I will do it as soon as possible.
> If yes,
> Acked-by: Yasunori Goto <[email protected]>
>
>
> Thanks.
>
>
>> After adding a node into the machine, top cpuset's mems isn't updated.
>>
>> By reviewing the code, we found that the update function
>> cpuset_track_online_nodes()
>> was invoked after node_states[N_ONLINE] changes. It is wrong because N_ONLINE
>> just means node has pgdat, and if node has/added memory, we use N_HIGH_MEMORY.
>> So, We should invoke the update function after node_states[N_HIGH_MEMORY]
>> changes, just like its commit says.
>>
>> This patch fixes it. And we use notifier of memory hotplug instead of direct
>> calling of cpuset_track_online_nodes().
>>
>> Signed-off-by: Miao Xie <[email protected]>
>> Cc: Yasunori Goto <[email protected]>
>>
>> ---
>> include/linux/cpuset.h | 4 ----
>> kernel/cpuset.c | 19 ++++++++++++++++---
>> mm/memory_hotplug.c | 3 ---
>> 3 files changed, 16 insertions(+), 10 deletions(-)
>>
>> diff --git a/include/linux/cpuset.h b/include/linux/cpuset.h
>> index 2691926..8e540d3 100644
>> --- a/include/linux/cpuset.h
>> +++ b/include/linux/cpuset.h
>> @@ -74,8 +74,6 @@ static inline int cpuset_do_slab_mem_spread(void)
>> return current->flags & PF_SPREAD_SLAB;
>> }
>>
>> -extern void cpuset_track_online_nodes(void);
>> -
>> extern int current_cpuset_is_being_rebound(void);
>>
>> extern void rebuild_sched_domains(void);
>> @@ -151,8 +149,6 @@ static inline int cpuset_do_slab_mem_spread(void)
>> return 0;
>> }
>>
>> -static inline void cpuset_track_online_nodes(void) {}
>> -
>> static inline int current_cpuset_is_being_rebound(void)
>> {
>> return 0;
>> diff --git a/kernel/cpuset.c b/kernel/cpuset.c
>> index 3e00526..909a548 100644
>> --- a/kernel/cpuset.c
>> +++ b/kernel/cpuset.c
>> @@ -36,6 +36,7 @@
>> #include <linux/list.h>
>> #include <linux/mempolicy.h>
>> #include <linux/mm.h>
>> +#include <linux/memory.h>
>> #include <linux/module.h>
>> #include <linux/mount.h>
>> #include <linux/namei.h>
>> @@ -2011,12 +2012,23 @@ static int cpuset_track_online_cpus(struct notifier_block *unused_nb,
>> * Call this routine anytime after node_states[N_HIGH_MEMORY] changes.

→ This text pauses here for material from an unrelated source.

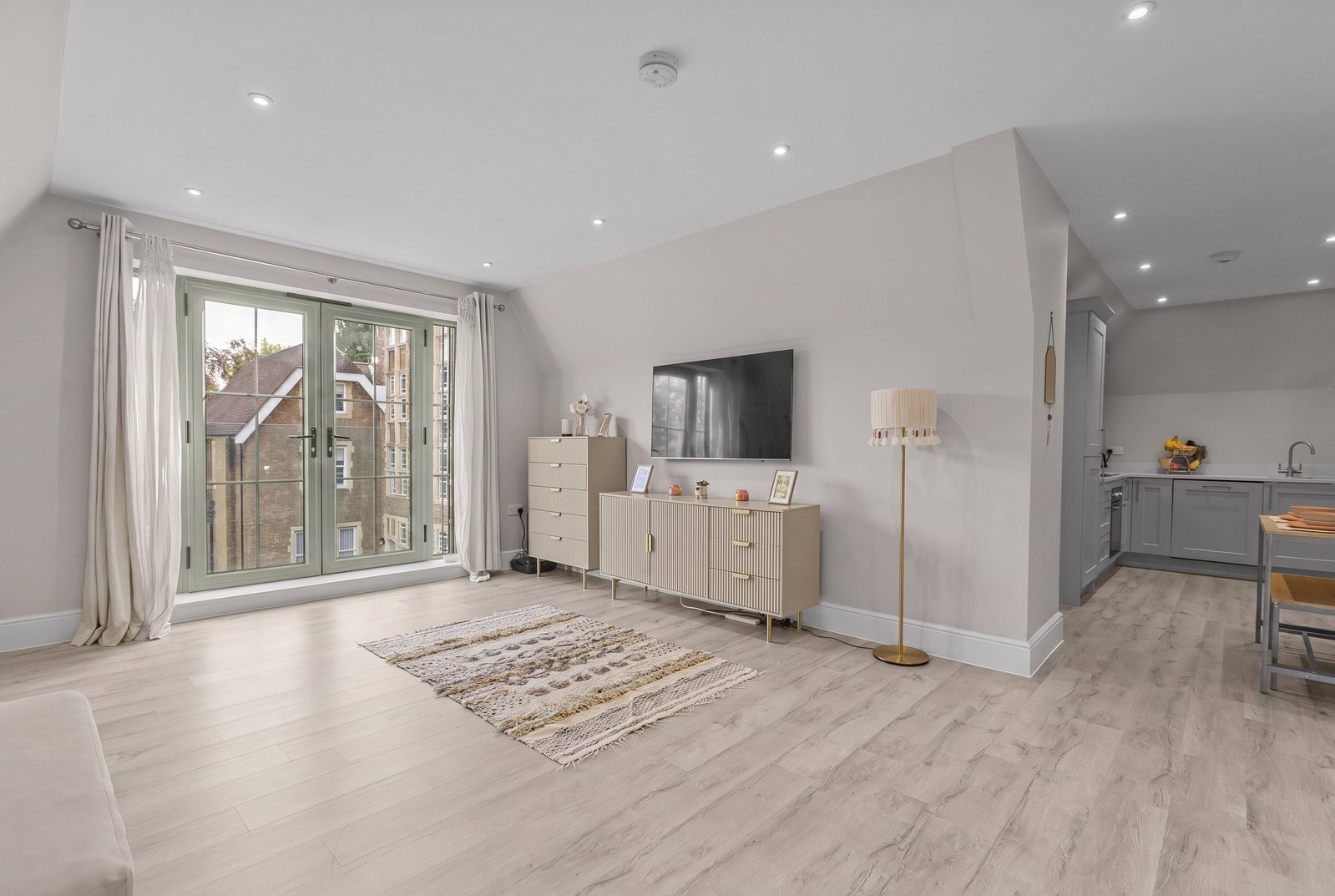 2 bed flat for sale in Filmer Grove, Godalming  - Property Image 4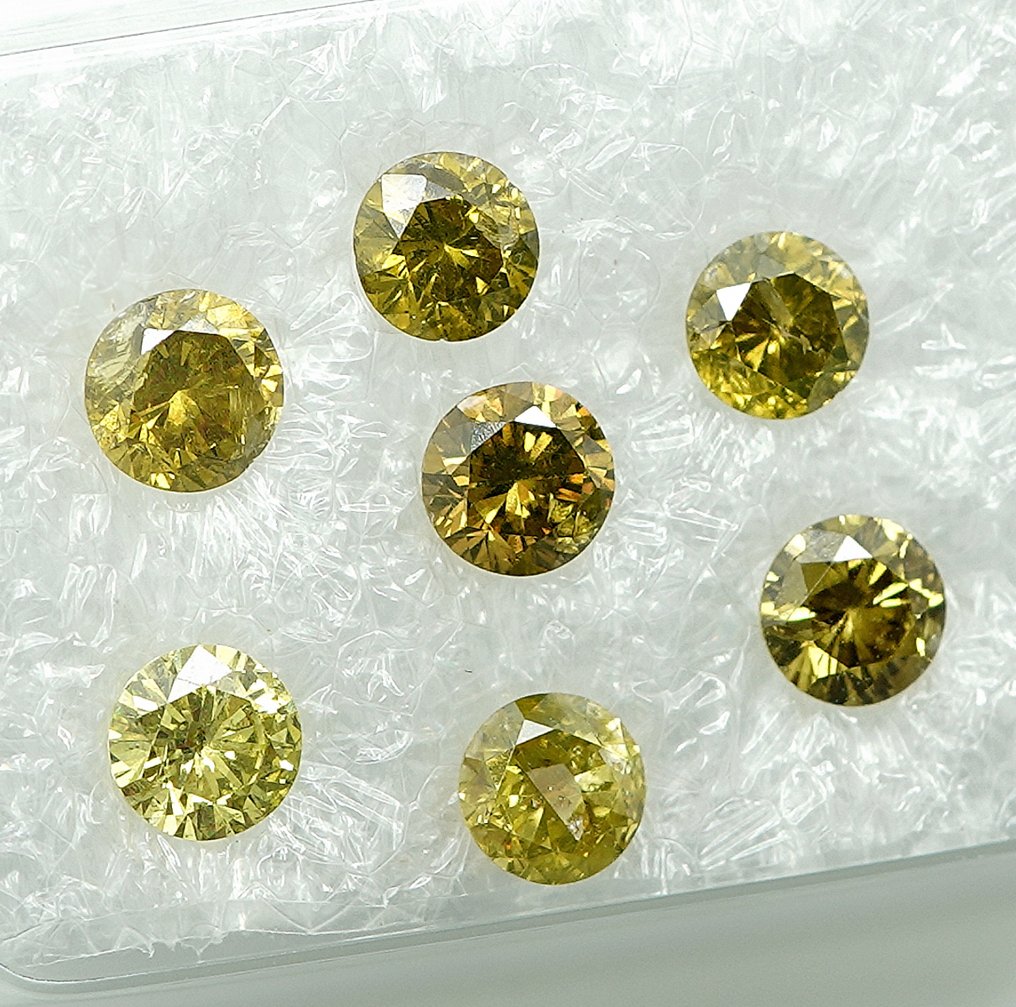 7 pcs Diamant  (Fargebehandlet)  - 1.02 ct - I1, I2 - Edelstensrapport Antwerpen (GRA) #1.0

>> * See also the previous routine cpuset_track_online_cpus().
>> */
>> -void cpuset_track_online_nodes(void)
>> +static int cpuset_track_online_nodes(struct notifier_block *self,
>> + unsigned long action, void *arg)
>> {
>> cgroup_lock();
>> - top_cpuset.mems_allowed = node_states[N_HIGH_MEMORY];
>> - scan_for_empty_cpusets(&top_cpuset);
>> + switch (action) {
>> + case MEM_ONLINE:
>> + top_cpuset.mems_allowed = node_states[N_HIGH_MEMORY];
>> + break;
>> + case MEM_OFFLINE:
>> + top_cpuset.mems_allowed = node_states[N_HIGH_MEMORY];
>> + scan_for_empty_cpusets(&top_cpuset);
>> + break;
>> + default:
>> + break;
>> + }
>> cgroup_unlock();
>> + return NOTIFY_OK;
>> }
>> #endif
>>
>> @@ -2032,6 +2044,7 @@ void __init cpuset_init_smp(void)

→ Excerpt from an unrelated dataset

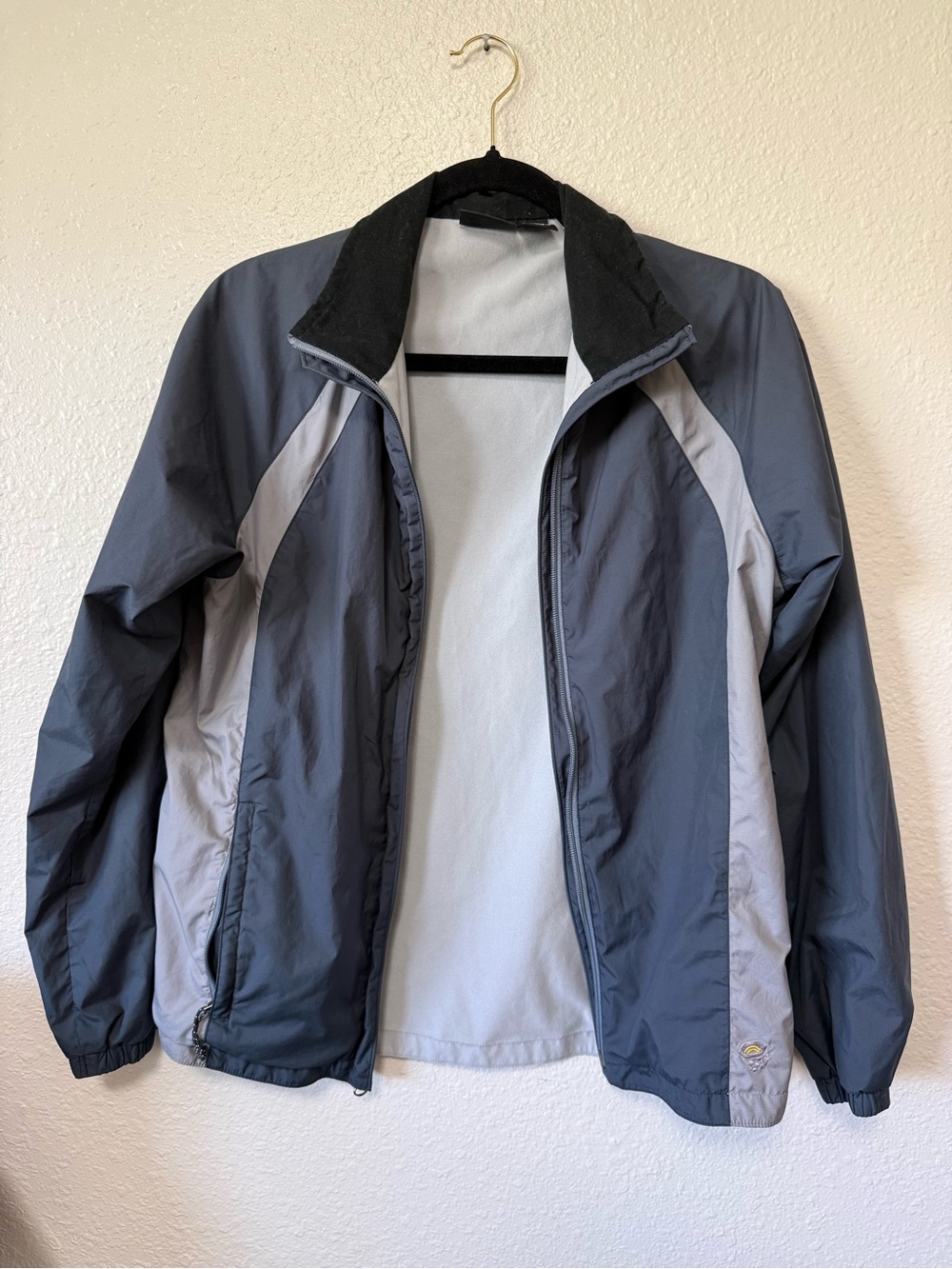 Mountain Hardwear Two-Tone Gray Lightweight Jacket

>> top_cpuset.mems_allowed = node_states[N_HIGH_MEMORY];
>>
>> hotcpu_notifier(cpuset_track_online_cpus, 0);
>> + hotplug_memory_notifier(cpuset_track_online_nodes, 10);
>> }
>>
>> /**
>> diff --git a/mm/memory_hotplug.c b/mm/memory_hotplug.c
>> index 6837a10..b5b2b15 100644
>> --- a/mm/memory_hotplug.c
>> +++ b/mm/memory_hotplug.c
>> @@ -22,7 +22,6 @@
>> #include <linux/highmem.h>
>> #include <linux/vmalloc.h>
>> #include <linux/ioport.h>
>> -#include <linux/cpuset.h>
>> #include <linux/delay.h>
>> #include <linux/migrate.h>
>> #include <linux/page-isolation.h>
>> @@ -498,8 +497,6 @@ int add_memory(int nid, u64 start, u64 size)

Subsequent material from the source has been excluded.